It scares me even now, some 40 years later. I was a young father working at entry-level jobs at the beginning of a career in journalism, a field widely known as being low-paying. We survived through intense frugality, cautious family finance, and a willingness to endure whatever came so long as we could be together.
We look back on those days nostalgically now, but what scares me is this: I had a grand total of $10,000 in life insurance. My wife was not employed; she stayed home with three small children and made home and life better for all of us. It surely occurred to me, but I put it out of my mind. I had only $10,000 in life insurance. If anything happened to me — if my car skidded on an icy highway, if a drunk driver failed to see me jogging or biking along the shoulder of the road, if I suddenly developed a cancer or some other fatal illness — my wife and children would not have enough money to last them three months.
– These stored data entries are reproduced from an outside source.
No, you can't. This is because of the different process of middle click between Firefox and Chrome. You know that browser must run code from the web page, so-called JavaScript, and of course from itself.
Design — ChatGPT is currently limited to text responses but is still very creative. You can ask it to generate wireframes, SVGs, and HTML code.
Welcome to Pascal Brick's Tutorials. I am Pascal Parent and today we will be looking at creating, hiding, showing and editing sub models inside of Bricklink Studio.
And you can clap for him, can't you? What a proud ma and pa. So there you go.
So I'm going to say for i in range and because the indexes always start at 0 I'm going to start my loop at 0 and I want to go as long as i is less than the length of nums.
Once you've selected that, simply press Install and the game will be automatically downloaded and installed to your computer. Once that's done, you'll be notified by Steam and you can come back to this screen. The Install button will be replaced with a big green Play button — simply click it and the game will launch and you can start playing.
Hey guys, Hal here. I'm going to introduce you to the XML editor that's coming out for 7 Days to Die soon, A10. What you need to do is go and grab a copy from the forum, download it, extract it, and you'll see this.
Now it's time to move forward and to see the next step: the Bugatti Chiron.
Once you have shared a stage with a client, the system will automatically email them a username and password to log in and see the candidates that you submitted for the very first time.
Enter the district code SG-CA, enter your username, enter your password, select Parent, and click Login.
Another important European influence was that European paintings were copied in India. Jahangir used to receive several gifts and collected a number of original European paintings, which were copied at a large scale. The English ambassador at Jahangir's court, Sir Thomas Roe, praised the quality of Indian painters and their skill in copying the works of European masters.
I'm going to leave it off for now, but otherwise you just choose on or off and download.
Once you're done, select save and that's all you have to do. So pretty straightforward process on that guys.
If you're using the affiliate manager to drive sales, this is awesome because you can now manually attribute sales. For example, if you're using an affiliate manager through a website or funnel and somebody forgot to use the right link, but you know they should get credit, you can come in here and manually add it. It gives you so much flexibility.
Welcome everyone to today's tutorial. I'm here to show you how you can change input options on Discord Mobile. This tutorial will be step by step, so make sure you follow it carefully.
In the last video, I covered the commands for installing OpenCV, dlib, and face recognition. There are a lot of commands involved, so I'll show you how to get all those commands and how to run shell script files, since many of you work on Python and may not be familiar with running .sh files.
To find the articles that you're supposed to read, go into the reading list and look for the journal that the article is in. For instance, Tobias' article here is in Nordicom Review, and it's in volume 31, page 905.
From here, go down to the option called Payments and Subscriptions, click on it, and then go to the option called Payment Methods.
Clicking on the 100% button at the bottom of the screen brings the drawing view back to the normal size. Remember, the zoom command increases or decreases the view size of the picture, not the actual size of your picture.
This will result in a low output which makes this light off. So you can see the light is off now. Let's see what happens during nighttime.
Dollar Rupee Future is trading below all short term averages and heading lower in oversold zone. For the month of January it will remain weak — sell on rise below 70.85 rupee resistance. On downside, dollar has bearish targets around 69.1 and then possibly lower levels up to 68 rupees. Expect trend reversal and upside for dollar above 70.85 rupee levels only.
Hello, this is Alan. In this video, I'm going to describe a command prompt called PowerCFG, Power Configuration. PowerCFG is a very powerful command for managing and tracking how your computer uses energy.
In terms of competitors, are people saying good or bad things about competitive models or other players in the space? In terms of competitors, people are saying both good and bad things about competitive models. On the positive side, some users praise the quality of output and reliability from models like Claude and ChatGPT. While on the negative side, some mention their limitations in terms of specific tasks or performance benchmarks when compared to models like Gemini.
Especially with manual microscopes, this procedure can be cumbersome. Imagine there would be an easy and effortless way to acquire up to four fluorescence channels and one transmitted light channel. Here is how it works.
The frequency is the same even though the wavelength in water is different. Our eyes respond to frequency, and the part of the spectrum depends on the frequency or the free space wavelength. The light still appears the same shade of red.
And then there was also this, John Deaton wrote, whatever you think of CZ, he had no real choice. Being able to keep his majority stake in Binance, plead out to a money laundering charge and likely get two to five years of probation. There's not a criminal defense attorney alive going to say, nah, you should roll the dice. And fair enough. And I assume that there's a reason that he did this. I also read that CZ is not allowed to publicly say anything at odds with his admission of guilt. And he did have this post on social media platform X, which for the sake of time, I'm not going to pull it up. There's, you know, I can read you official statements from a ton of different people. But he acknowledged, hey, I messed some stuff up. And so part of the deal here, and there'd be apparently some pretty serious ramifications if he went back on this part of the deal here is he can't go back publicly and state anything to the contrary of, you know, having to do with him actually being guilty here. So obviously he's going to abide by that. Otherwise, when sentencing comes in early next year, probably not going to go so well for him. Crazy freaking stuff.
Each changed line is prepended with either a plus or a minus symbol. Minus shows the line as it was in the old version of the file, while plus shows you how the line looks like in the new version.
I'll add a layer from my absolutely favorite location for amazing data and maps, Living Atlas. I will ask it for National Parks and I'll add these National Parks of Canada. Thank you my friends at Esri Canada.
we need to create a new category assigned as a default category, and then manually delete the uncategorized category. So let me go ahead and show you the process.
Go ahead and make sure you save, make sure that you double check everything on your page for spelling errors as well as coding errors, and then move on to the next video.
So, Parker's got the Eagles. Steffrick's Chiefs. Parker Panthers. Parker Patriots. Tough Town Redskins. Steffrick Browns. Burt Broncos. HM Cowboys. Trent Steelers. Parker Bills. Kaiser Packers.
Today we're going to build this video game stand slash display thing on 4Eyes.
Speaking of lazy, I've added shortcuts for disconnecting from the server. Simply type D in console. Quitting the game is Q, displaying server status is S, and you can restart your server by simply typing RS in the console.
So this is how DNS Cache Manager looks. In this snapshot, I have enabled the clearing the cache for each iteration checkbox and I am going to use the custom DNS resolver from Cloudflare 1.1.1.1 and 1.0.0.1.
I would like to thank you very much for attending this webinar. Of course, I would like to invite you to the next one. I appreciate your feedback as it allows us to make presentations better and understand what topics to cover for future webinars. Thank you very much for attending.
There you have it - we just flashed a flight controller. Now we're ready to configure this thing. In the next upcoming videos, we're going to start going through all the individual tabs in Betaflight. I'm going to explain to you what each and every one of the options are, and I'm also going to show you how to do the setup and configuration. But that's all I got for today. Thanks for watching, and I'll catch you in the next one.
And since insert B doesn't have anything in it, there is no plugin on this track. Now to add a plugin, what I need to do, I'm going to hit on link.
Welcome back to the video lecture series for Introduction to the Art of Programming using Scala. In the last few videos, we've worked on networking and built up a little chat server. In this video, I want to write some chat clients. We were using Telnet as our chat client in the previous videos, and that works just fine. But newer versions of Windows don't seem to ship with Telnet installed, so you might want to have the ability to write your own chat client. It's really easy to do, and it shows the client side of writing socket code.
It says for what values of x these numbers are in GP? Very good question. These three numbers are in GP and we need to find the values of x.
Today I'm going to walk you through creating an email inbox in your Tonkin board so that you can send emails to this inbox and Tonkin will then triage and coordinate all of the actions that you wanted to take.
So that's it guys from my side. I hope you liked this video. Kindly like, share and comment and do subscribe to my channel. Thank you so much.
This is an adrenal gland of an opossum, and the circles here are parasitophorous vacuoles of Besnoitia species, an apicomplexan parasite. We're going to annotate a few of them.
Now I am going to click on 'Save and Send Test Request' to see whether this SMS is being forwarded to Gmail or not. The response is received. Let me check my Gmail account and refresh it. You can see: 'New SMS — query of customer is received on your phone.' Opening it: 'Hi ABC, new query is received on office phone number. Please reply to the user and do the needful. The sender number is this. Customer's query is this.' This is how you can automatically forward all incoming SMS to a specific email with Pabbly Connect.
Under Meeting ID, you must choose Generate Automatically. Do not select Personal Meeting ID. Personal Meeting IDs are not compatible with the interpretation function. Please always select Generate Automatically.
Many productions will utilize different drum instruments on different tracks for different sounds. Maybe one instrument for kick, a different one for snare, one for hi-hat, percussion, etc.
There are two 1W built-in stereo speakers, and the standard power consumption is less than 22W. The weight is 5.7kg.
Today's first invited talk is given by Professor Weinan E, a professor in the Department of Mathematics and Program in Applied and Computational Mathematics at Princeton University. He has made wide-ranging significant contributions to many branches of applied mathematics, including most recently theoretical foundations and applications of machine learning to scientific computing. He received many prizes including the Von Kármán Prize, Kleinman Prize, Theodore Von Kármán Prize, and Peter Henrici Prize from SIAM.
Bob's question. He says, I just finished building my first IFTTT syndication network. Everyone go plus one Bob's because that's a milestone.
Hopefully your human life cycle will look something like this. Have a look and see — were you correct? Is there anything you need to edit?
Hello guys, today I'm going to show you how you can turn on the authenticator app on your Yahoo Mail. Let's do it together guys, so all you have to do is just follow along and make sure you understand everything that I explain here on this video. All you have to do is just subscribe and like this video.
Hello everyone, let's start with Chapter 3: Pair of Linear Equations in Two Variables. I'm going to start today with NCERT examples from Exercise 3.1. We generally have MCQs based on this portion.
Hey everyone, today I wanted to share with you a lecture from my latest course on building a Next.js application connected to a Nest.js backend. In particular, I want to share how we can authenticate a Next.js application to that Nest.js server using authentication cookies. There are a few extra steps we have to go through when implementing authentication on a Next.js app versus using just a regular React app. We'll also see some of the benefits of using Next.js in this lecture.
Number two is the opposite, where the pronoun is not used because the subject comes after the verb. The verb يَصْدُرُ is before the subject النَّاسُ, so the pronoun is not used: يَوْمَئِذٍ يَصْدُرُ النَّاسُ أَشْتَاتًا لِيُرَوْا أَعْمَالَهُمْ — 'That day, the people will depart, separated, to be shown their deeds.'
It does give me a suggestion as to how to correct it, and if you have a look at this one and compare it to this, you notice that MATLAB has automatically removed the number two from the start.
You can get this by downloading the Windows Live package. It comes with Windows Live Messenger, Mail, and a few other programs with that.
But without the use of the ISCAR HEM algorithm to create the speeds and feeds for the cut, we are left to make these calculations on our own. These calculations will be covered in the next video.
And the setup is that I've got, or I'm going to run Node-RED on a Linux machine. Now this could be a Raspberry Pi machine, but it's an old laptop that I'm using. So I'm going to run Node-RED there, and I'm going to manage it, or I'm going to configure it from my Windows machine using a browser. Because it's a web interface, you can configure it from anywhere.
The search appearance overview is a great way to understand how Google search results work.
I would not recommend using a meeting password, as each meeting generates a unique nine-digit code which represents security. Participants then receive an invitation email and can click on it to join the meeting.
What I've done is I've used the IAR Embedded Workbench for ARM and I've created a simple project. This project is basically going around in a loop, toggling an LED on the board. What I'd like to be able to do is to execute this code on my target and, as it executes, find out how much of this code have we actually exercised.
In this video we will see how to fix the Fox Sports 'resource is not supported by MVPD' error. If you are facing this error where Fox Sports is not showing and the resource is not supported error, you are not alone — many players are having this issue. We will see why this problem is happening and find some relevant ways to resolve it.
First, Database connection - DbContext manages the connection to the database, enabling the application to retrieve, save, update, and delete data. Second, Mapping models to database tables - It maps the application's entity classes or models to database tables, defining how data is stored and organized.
Somehow, I must have convinced myself, my still young and beautiful wife would find another husband, one who made enough money to support her and the children better than I had. I was deluding myself — no single man wants a wife laden with three children.
The truth is, had I died with only $10,000 in life insurance, it would have been catastrophic for my family. They would be impoverished, dependent upon government assistance and the generosity of relatives to survive. Even now, it makes me shudder to think of it.
These nightmares are irrelevant now. My little children are grown; they are self-supporting and successful; they have children of their own. My wife has completed her college degree and has a successful career. Each of us has enough life insurance to see us through the fiscal trauma of the loss of a spouse.
Still, I shudder thinking about how close we were to disaster, and I count my blessings that I not only had all that I had then and have now; I was blessed that my family never had to face life without me and without better life insurance.